***** Material for this task

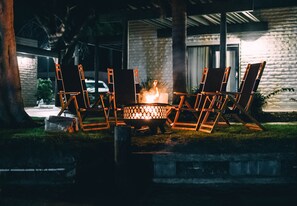 På stranden, seiling, kajakkpadling og motorbåtkjøring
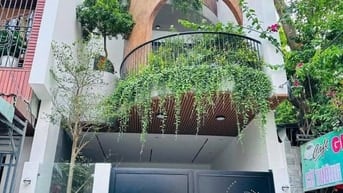 CHO THUÊ NHÀ KINH DOANH HẺM XE HƠI 8M HẺM 150 NGUYỄN TRÃI,P.BT, Q1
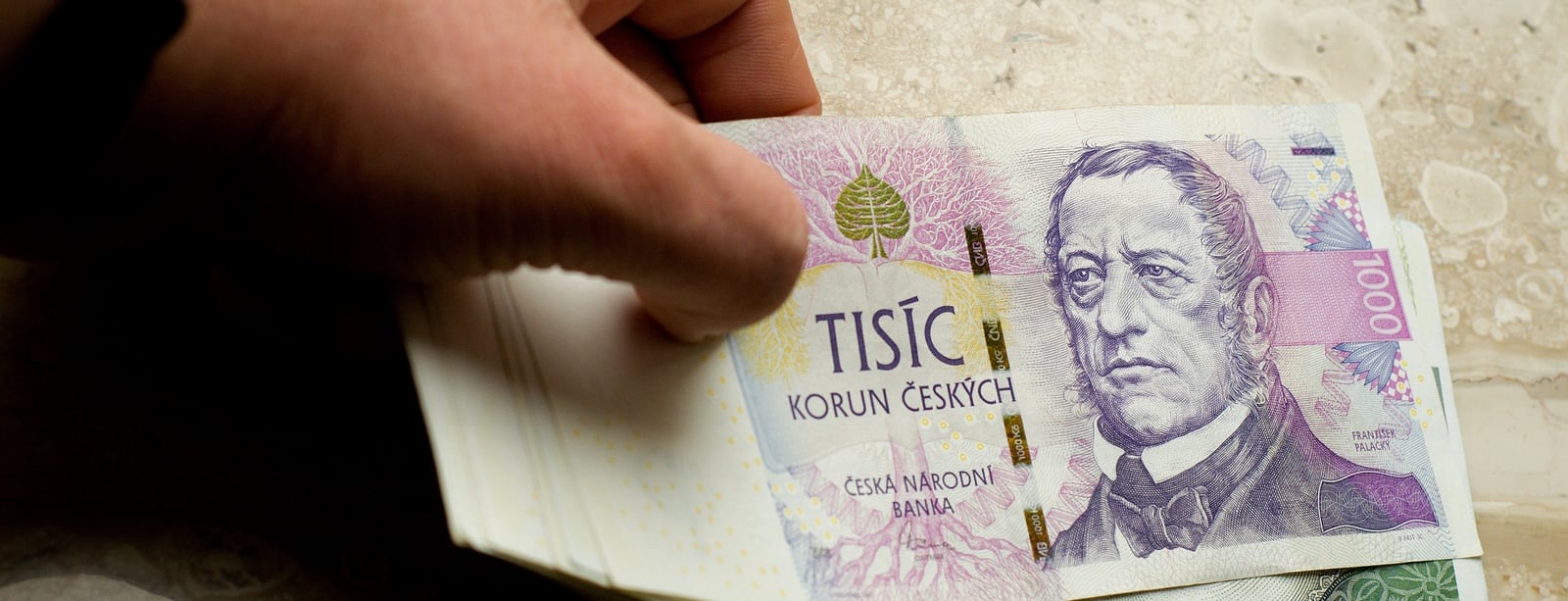 Milostivé léto jde do finále. Opravdu pomůže vyřešit dluhovou situaci v Česku?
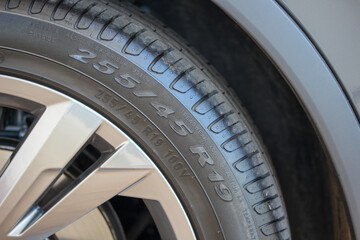 New SUV tire of the size 255/45 R19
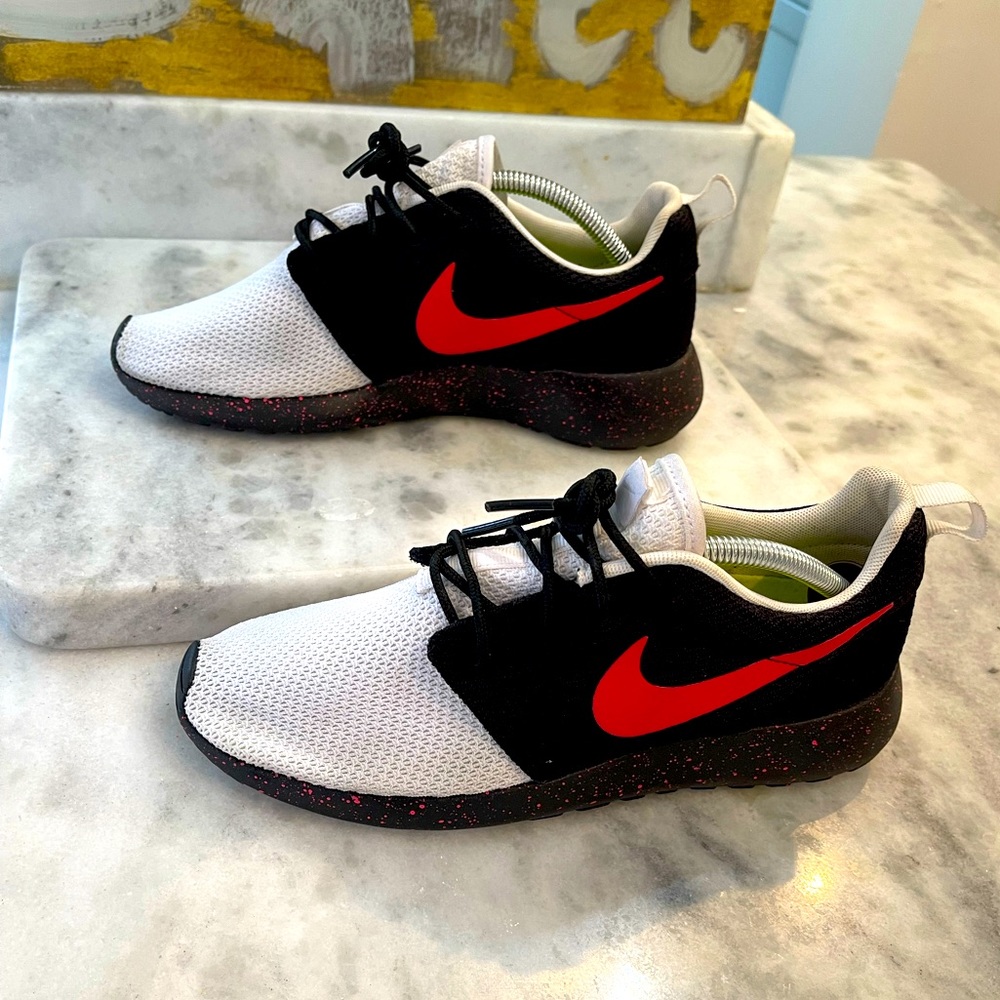 NikeID Roshe Run Custom Red White & Black, Women’s size 7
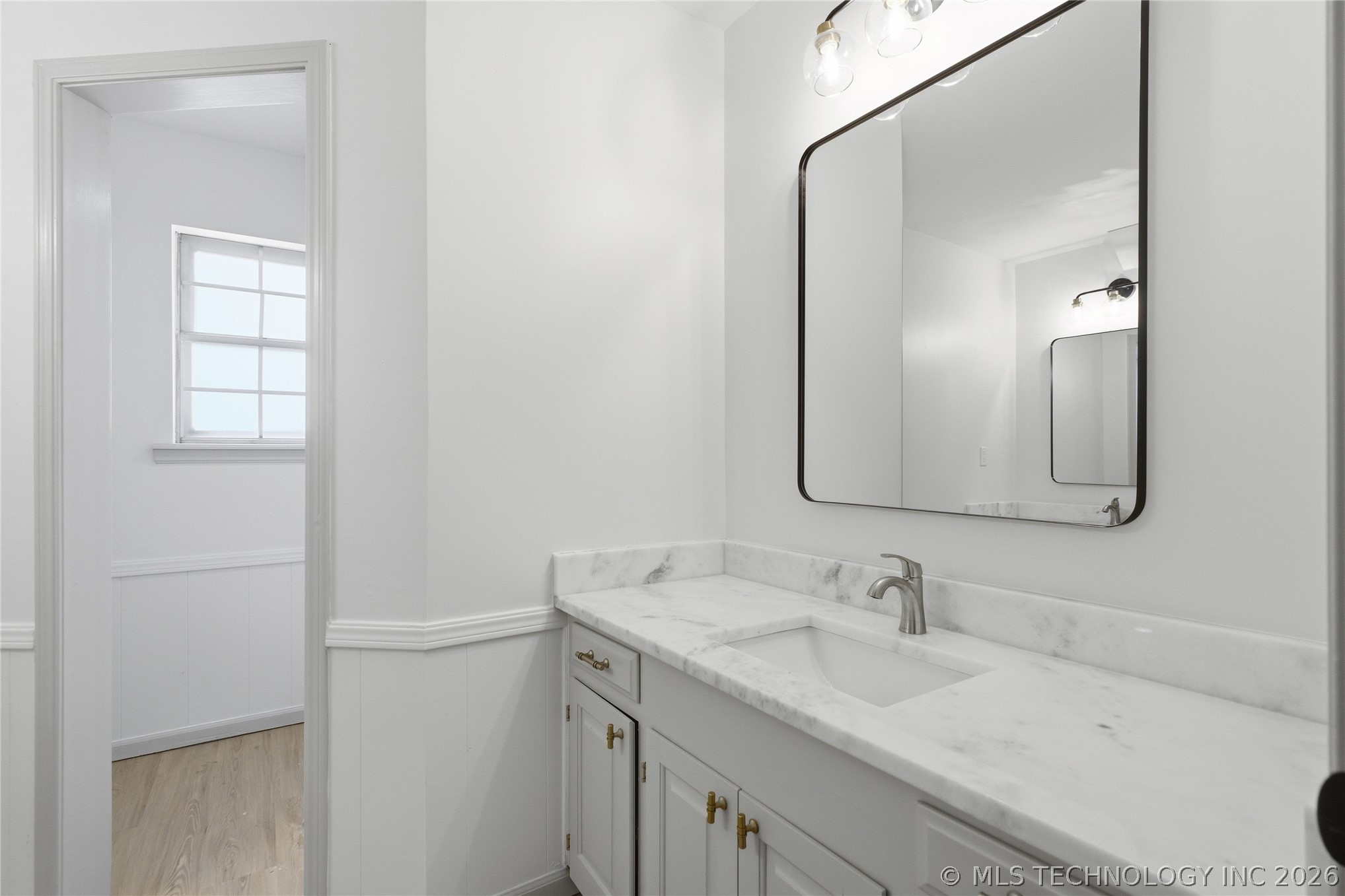 5329 S 76th East Avenue Property Photo 34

**********

Task requirements: Please transcribe the entries precisely and omit any images they hold.

Exercise result:
 På stranden, seiling, kajakkpadling og motorbåtkjøring
 CHO THUÊ NHÀ KINH DOANH HẺM XE HƠI 8M HẺM 150 NGUYỄN TRÃI,P.BT, Q1
 Milostivé léto jde do finále. Opravdu pomůže vyřešit dluhovou situaci v Česku?
 New SUV tire of the size 255/45 R19
 NikeID Roshe Run Custom Red White & Black, Women’s size 7
 5329 S 76th East Avenue Property Photo 34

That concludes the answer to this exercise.